▸ Directions:
The goal is an unaltered copy of the records below, minus any images.

Entries taken from a collection:

####################

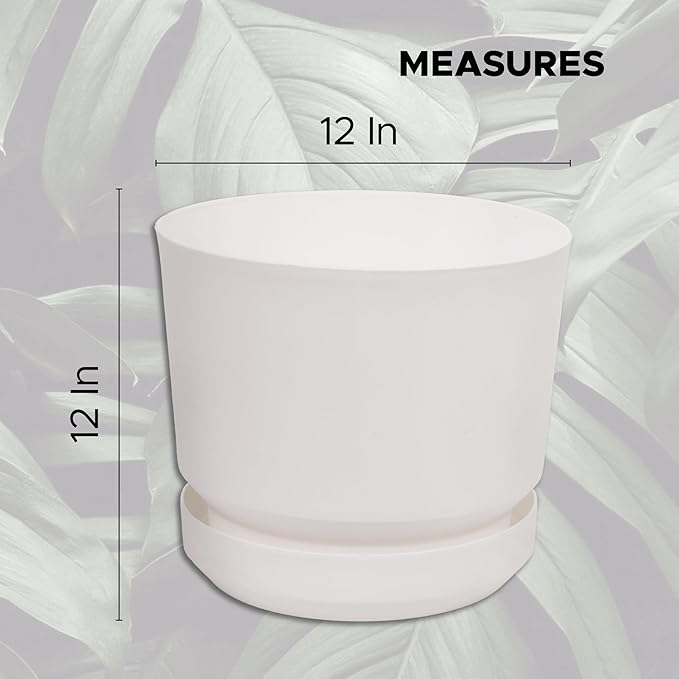 Elly Décor 12 inch Plastic Cylinder Planter Pot with Self-Watering Saucer and Drainage Hole,Lightweight & Extremely Durable, 12"x 12", White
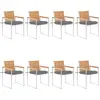 Image de vidaXL Chaises de jardin lot de 8 avec coussins Bois de teck massif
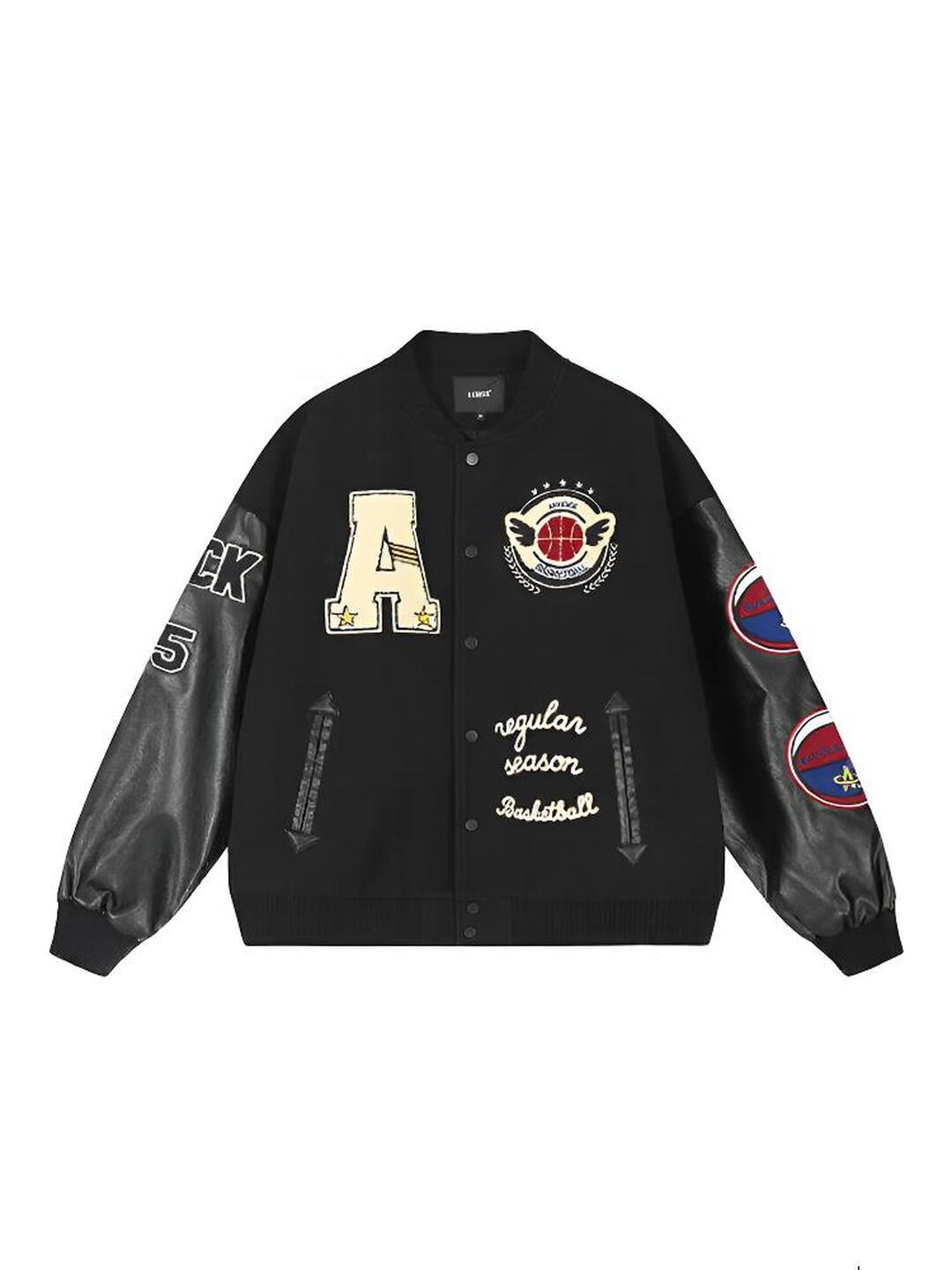 Letter Embroidered Heavy Craft Pattern Jacket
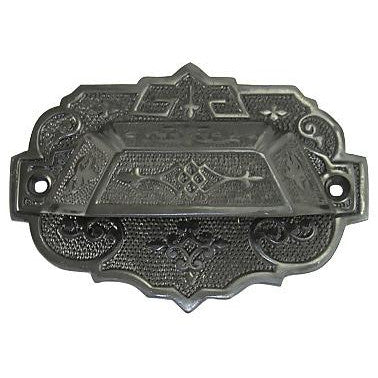 4 3/8 Inch Overall (3 1/4 Inch c-c) Solid Brass Eastlake Cup or Bin Pull With Backplate (Black Bronze Finish) COPPER MOUNTAIN HARDWARE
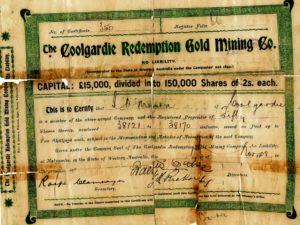 Share Certificate for the Coolgardie Redemption Gold Mining Co 1908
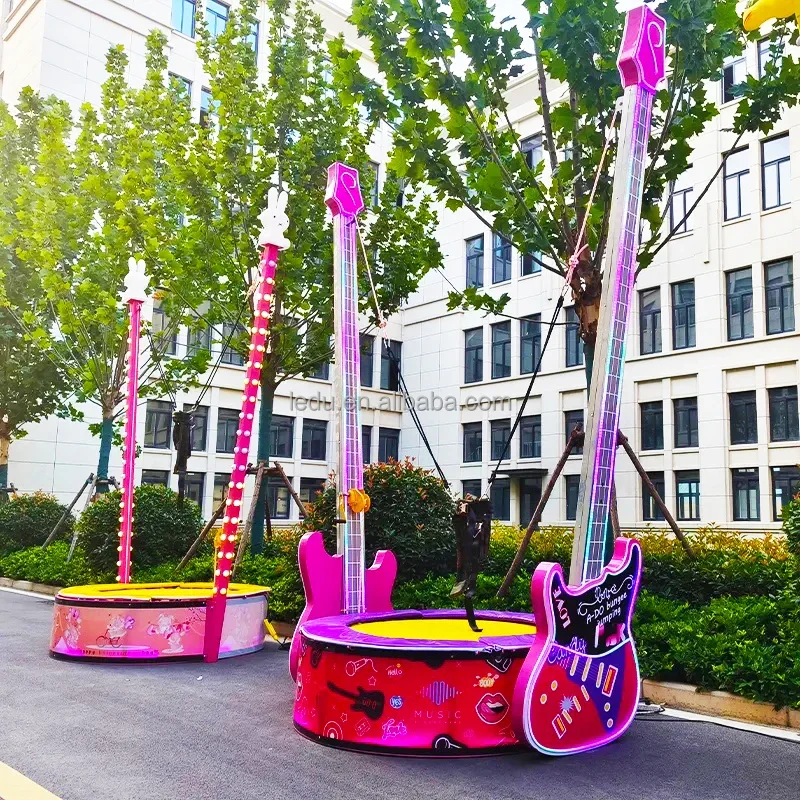 Shopping mall kids amusement rides single person guitar bungee trampoline for sale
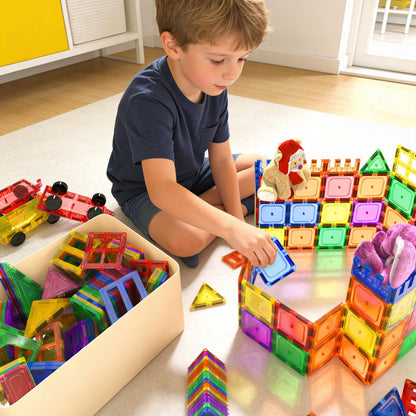 Coodoo 60 PCS Magnetic Building Tiles Kids Toys STEM Magnetic Blocks Sensory Toys Kids Games Magnet Building Toy for Boys and Girls Aged 3+, Kid Brain Development Preschool Kindergarten Toddler Toy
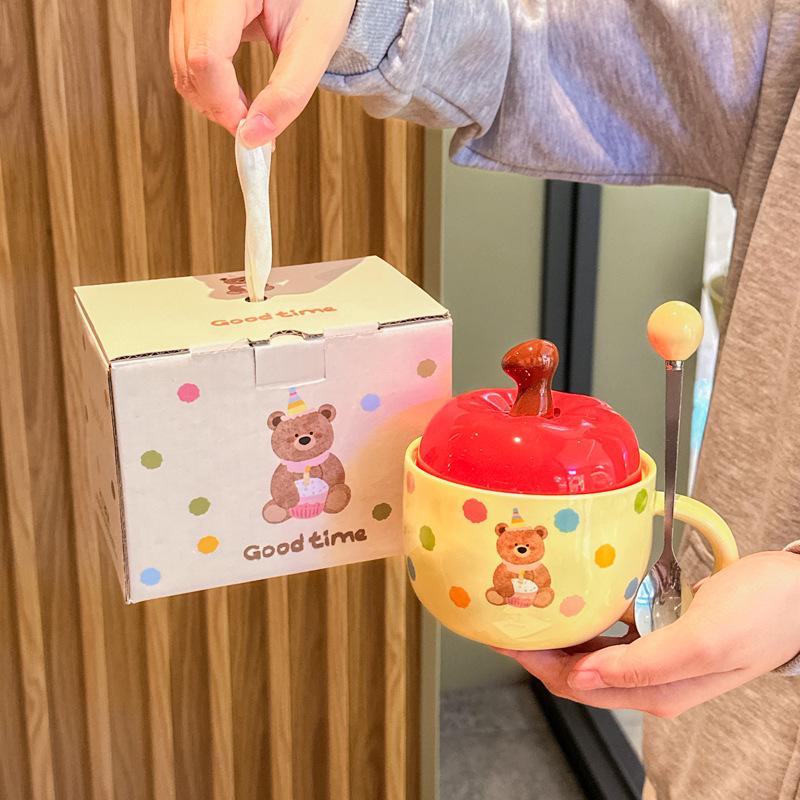 Cute and High-value Apple Rabbit Ceramic Cup Mug, New Girls Coffee Cup, Girlfriends Practical Gift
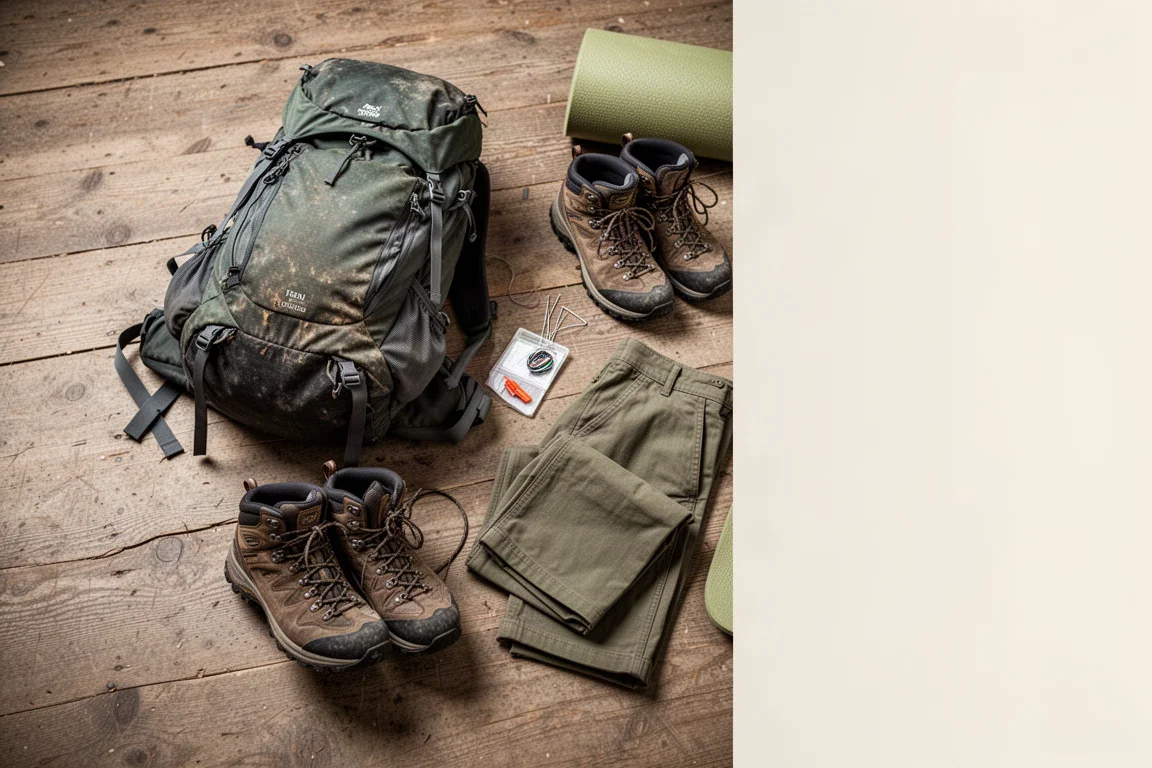Flat-Lay von oben: stark genutzte Trekking-Ausrüstung und ein Reparaturset auf Holz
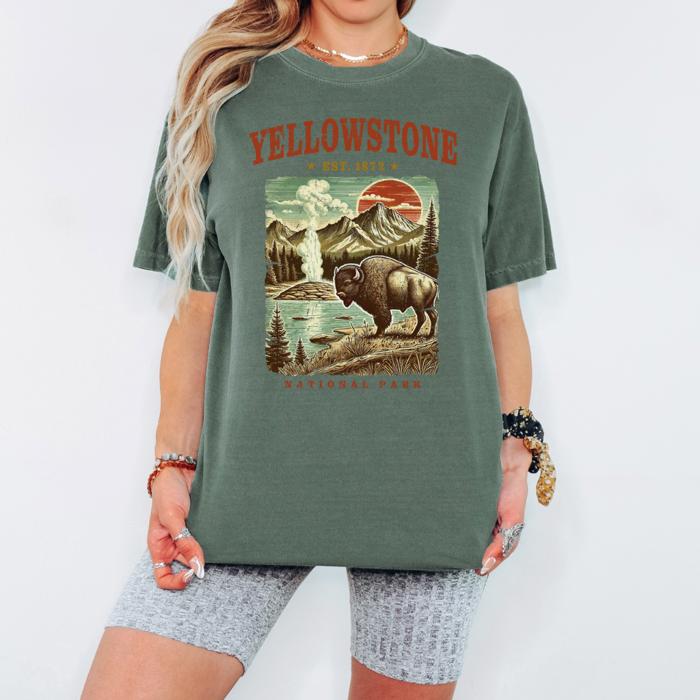 Postcard Paradise Vintage Travel Comfort Colors Tee, Destination Shirts for Women, Scenic Retro-Inspired Destination T-Shirts, Yellowstone, Miami, Malibu, Montana & Charleston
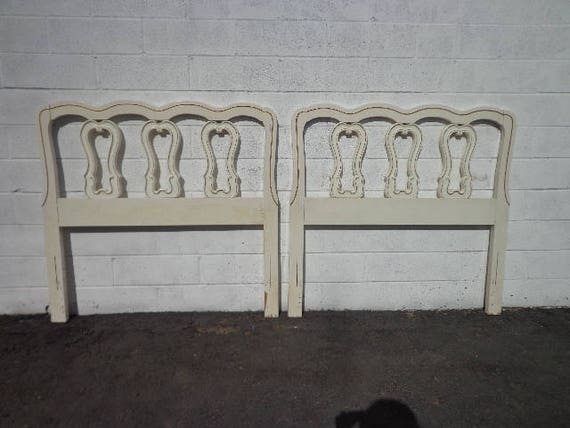 2 Headboards Pair Vintage French Provincial Twin Bedroom Set Single Bed Shabby Chic Country Cottage Coastal Regency Custom Paint Avail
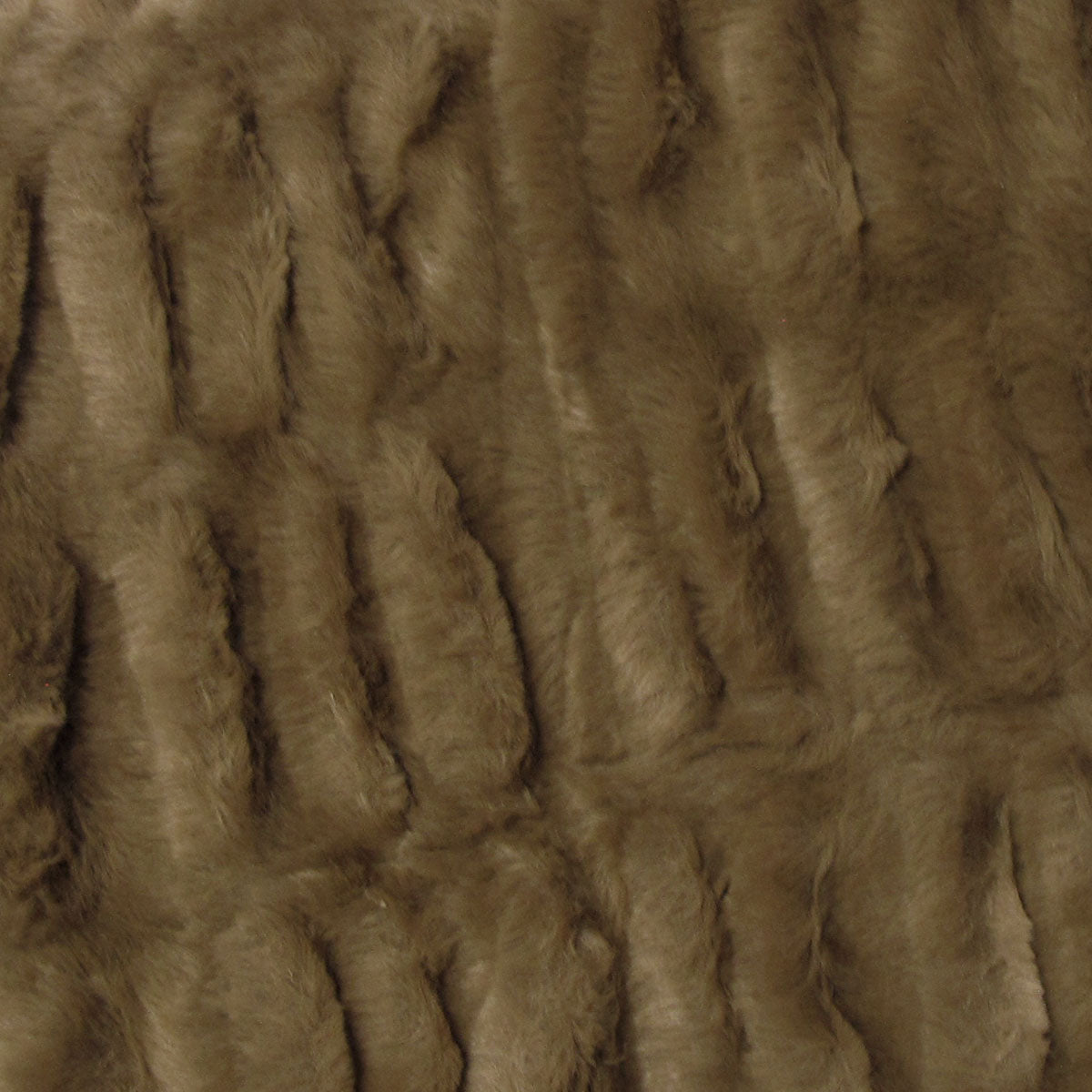 Harper Soft Ruched Pattern Faux Fur Throw Rug 127 x 152 cm Brown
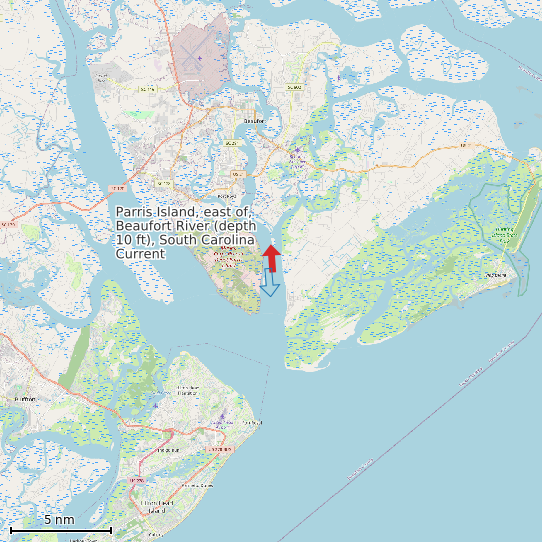 Map of Parris Island, east of, Beaufort River (depth 10 ft), South Carolina Current Prediction Station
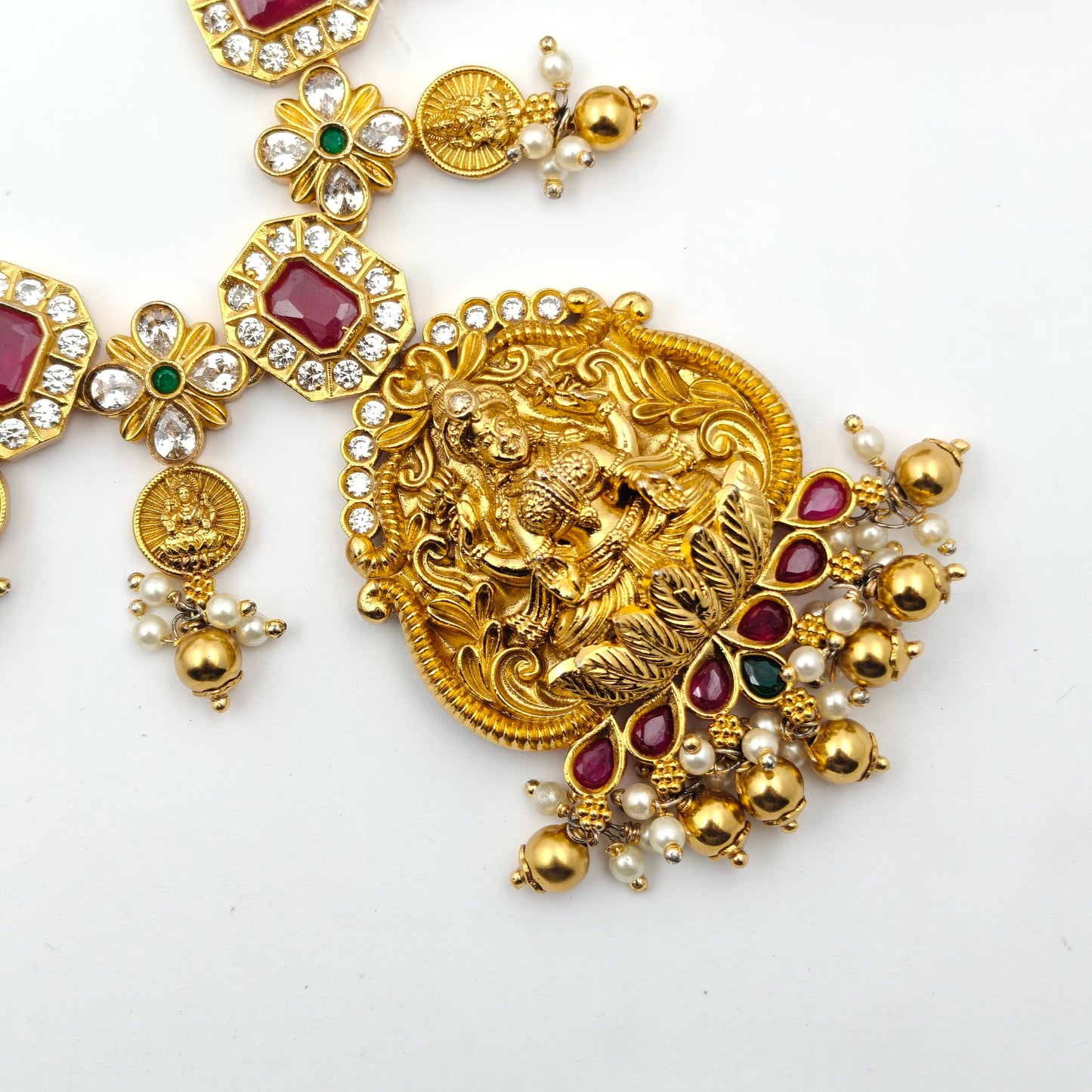 19918 Matte Laxmi Kasulmala Short Necklace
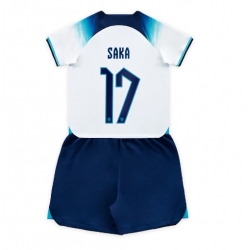 Fotbollsset Barn England Bukayo Saka #17 Hemmatröja VM 2022 Mini-Kit Kortärmad (+ korta byxor)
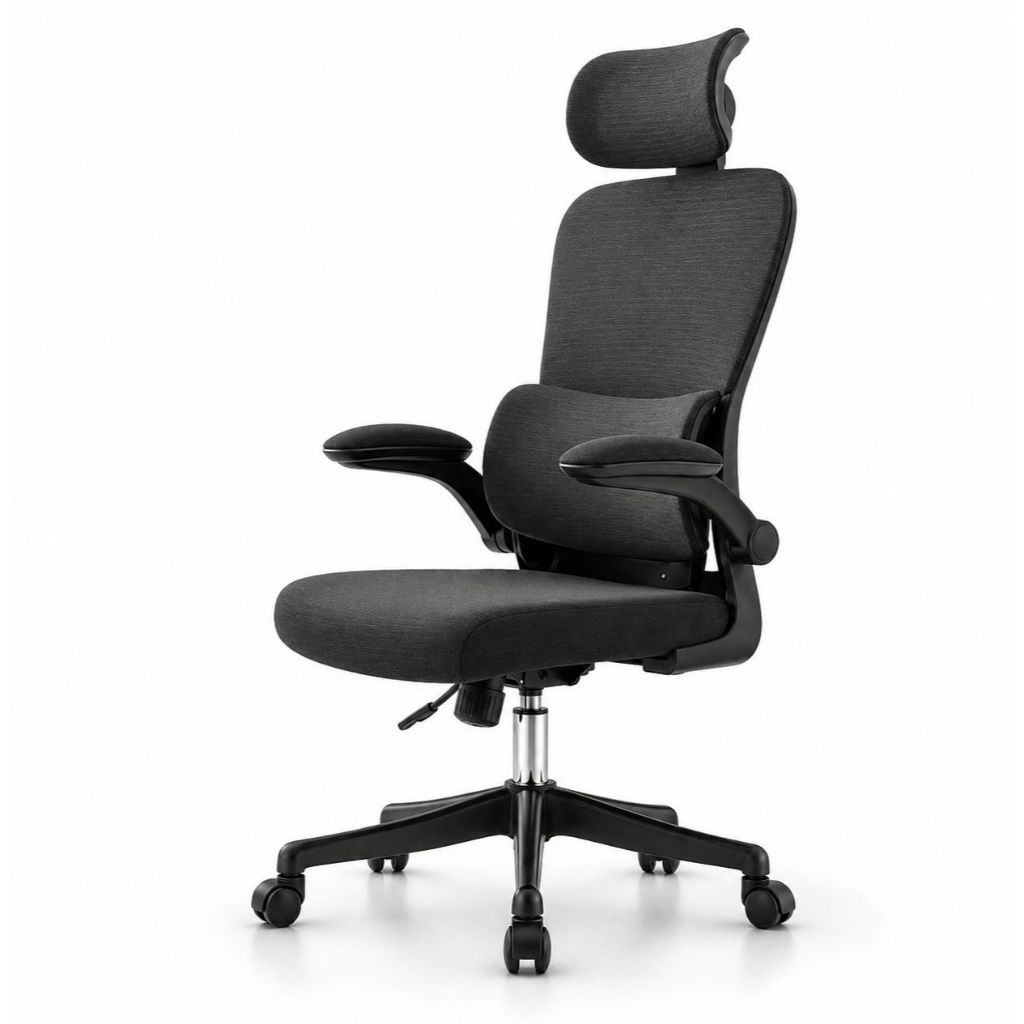 Cadeira Ergonômica Escritório com Braço Retrátil e Apoio Lombar Espuma Nova Mesh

####################

▸ Response area:
 Elly Décor 12 inch Plastic Cylinder Planter Pot with Self-Watering Saucer and Drainage Hole,Lightweight & Extremely Durable, 12"x 12", White
 Image de vidaXL Chaises de jardin lot de 8 avec coussins Bois de teck massif
 Letter Embroidered Heavy Craft Pattern Jacket
 4 3/8 Inch Overall (3 1/4 Inch c-c) Solid Brass Eastlake Cup or Bin Pull With Backplate (Black Bronze Finish) COPPER MOUNTAIN HARDWARE
 Share Certificate for the Coolgardie Redemption Gold Mining Co 1908
 Shopping mall kids amusement rides single person guitar bungee trampoline for sale
 Coodoo 60 PCS Magnetic Building Tiles Kids Toys STEM Magnetic Blocks Sensory Toys Kids Games Magnet Building Toy for Boys and Girls Aged 3+, Kid Brain Development Preschool Kindergarten Toddler Toy
 Cute and High-value Apple Rabbit Ceramic Cup Mug, New Girls Coffee Cup, Girlfriends Practical Gift
Flat-Lay von oben: stark genutzte Trekking-Ausrüstung und ein Reparaturset auf Holz
 Postcard Paradise Vintage Travel Comfort Colors Tee, Destination Shirts for Women, Scenic Retro-Inspired Destination T-Shirts, Yellowstone, Miami, Malibu, Montana & Charleston
 2 Headboards Pair Vintage French Provincial Twin Bedroom Set Single Bed Shabby Chic Country Cottage Coastal Regency Custom Paint Avail
 Harper Soft Ruched Pattern Faux Fur Throw Rug 127 x 152 cm Brown
 Map of Parris Island, east of, Beaufort River (depth 10 ft), South Carolina Current Prediction Station
 19918 Matte Laxmi Kasulmala Short Necklace
 Fotbollsset Barn England Bukayo Saka #17 Hemmatröja VM 2022 Mini-Kit Kortärmad (+ korta byxor)
 Cadeira Ergonômica Escritório com Braço Retrátil e Apoio Lombar Espuma Nova Mesh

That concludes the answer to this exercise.